Home | Benchmarks | Archives | Atom Feed

Posted on Thu 04 August 2016

TensorFlow on a GTX 1080

In November 2015, Google open sourced TensorFlow, a Deep Learning library based off of their internal Deepnet software DistBelief v2, which was developed for the Google Brain project. Deep Learning could very well be driving a lot of product development in the next few decades. When software is able to detect and classify objects and perform semantic and syntactic analogy things like translating signs with your phone's camera become possible.
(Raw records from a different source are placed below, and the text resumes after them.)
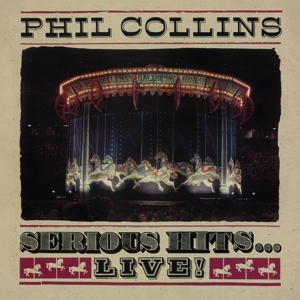 Produktbild: Serious Hits...Live! (Remastered) | Phil Collins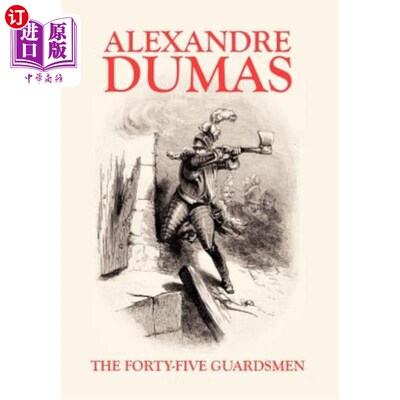 海外直订The Forty-Five Guardsmen 45个卫兵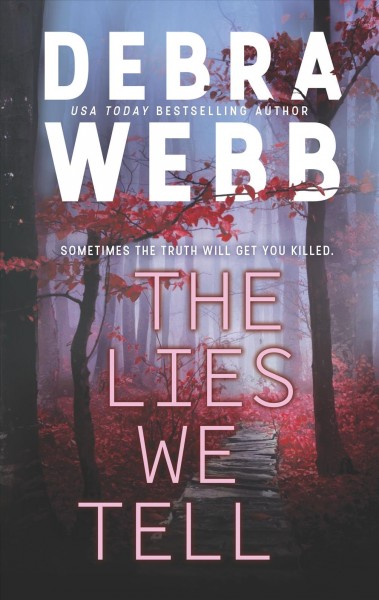 The lies we tell / Debra Webb.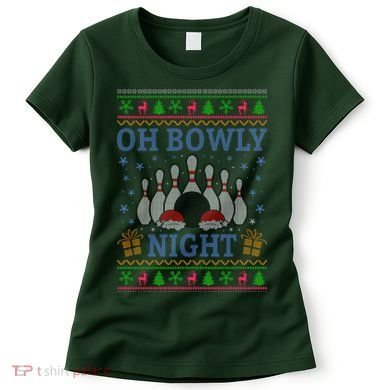 Oh Bowly Night Bowling Ugly Christmas Women's T-Shirt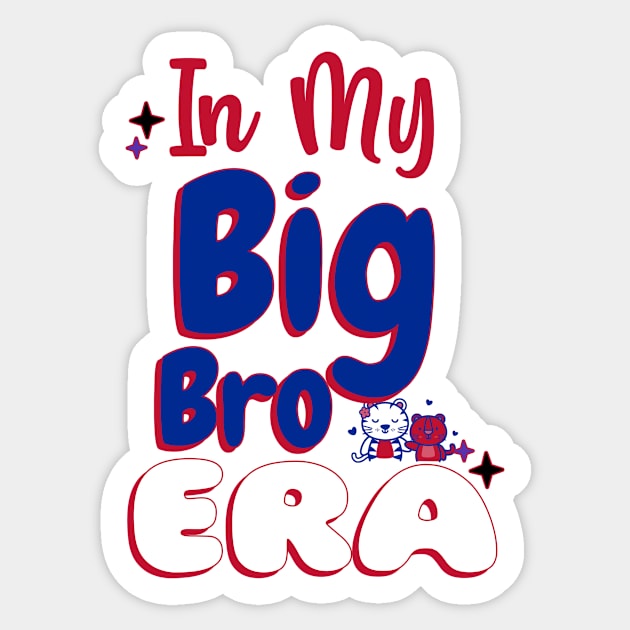 In My Big Brother Era Sticker by 3nityONE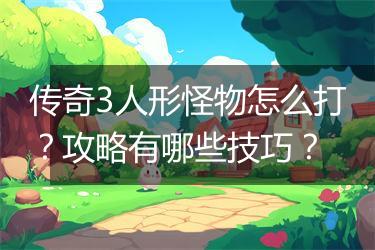 传奇3人形怪物怎么打？攻略有哪些技巧？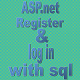 asp.net registration and log in forms with sql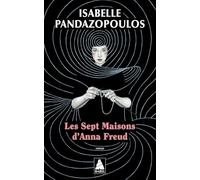 Les Sept Maisons d'Anna Freud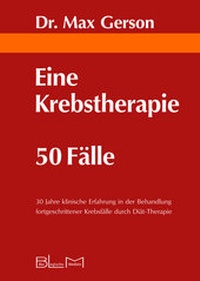 Abbildung von: Eine Krebstherapie 50 Fälle - AKSE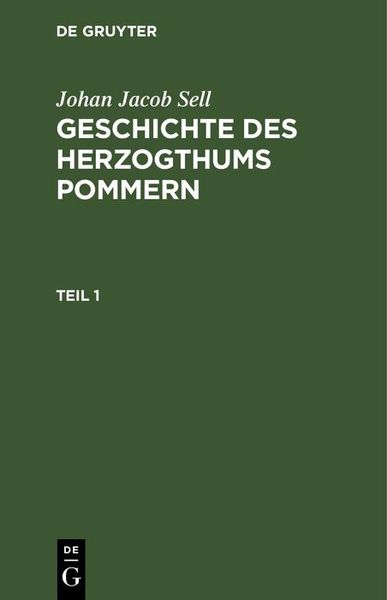 Produktbild: Johan Jacob Sell: Geschichte des Herzogthums Pommern. Teil 1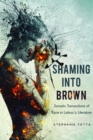 Shaming into Brown : Somatic Transactions of Race in Latina/o Literature - Fetta Stephanie Fetta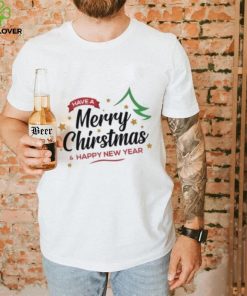 Have a Merry Christmas and Happy New Year Christmas T Shirt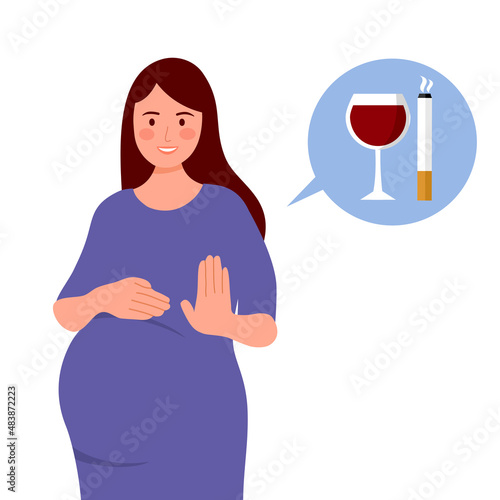 No alcohol and no smoking during pregnancy. Pregnant woman stop drinking wine and smoking cigarettes for good health.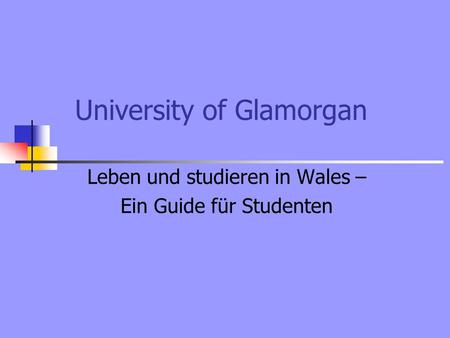 University of Glamorgan Leben und studieren in Wales – Ein Guide für Studenten.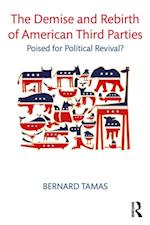Demise and Rebirth of American Third Parties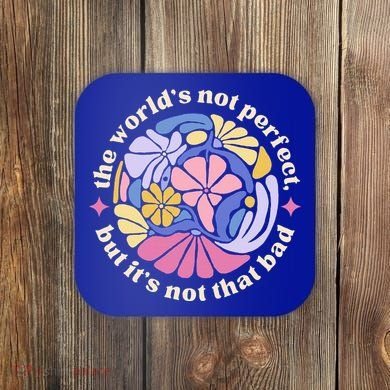 Alec If We Have Eachother Floral Art Benjamin Coaster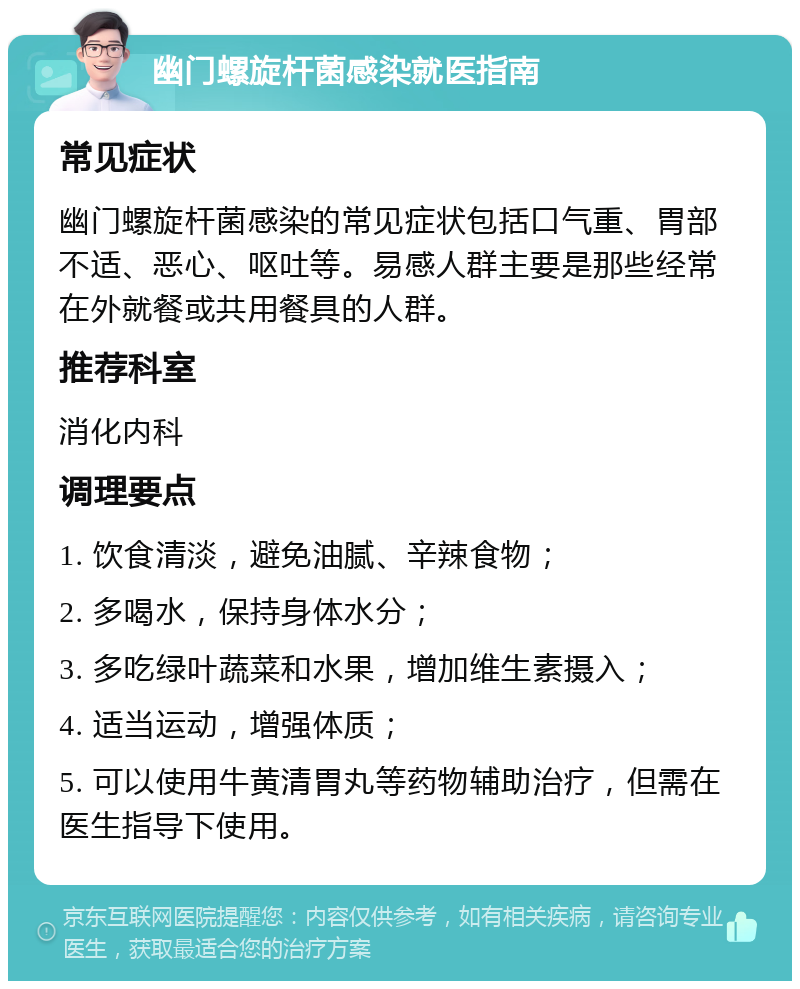 幽门螺旋杆菌感染就医指南 常见症状 幽门螺旋杆菌感染的常见症状包括口气重、胃部不适、恶心、呕吐等。易感人群主要是那些经常在外就餐或共用餐具的人群。 推荐科室 消化内科 调理要点 1. 饮食清淡，避免油腻、辛辣食物； 2. 多喝水，保持身体水分； 3. 多吃绿叶蔬菜和水果，增加维生素摄入； 4. 适当运动，增强体质； 5. 可以使用牛黄清胃丸等药物辅助治疗，但需在医生指导下使用。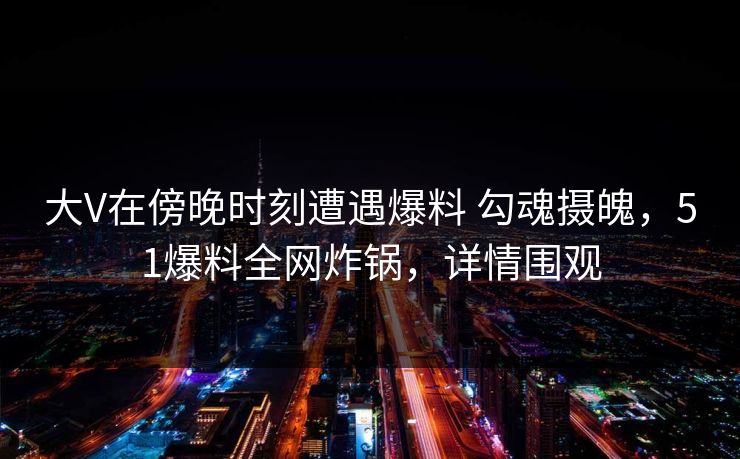 大V在傍晚时刻遭遇爆料 勾魂摄魄，51爆料全网炸锅，详情围观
TensorFlow supports implementing a wide variety of Deep Learning algorithms including:

Though you can train Deep Learning models using CPUs with TensorFlow, the large matrices being manipulated are what GPUs have been optimised for. Games use matrices intensively for all sorts of 3D functionality and GPUs are specifically designed to handle matrix manipulation orders of magnitude faster than regular CPUs.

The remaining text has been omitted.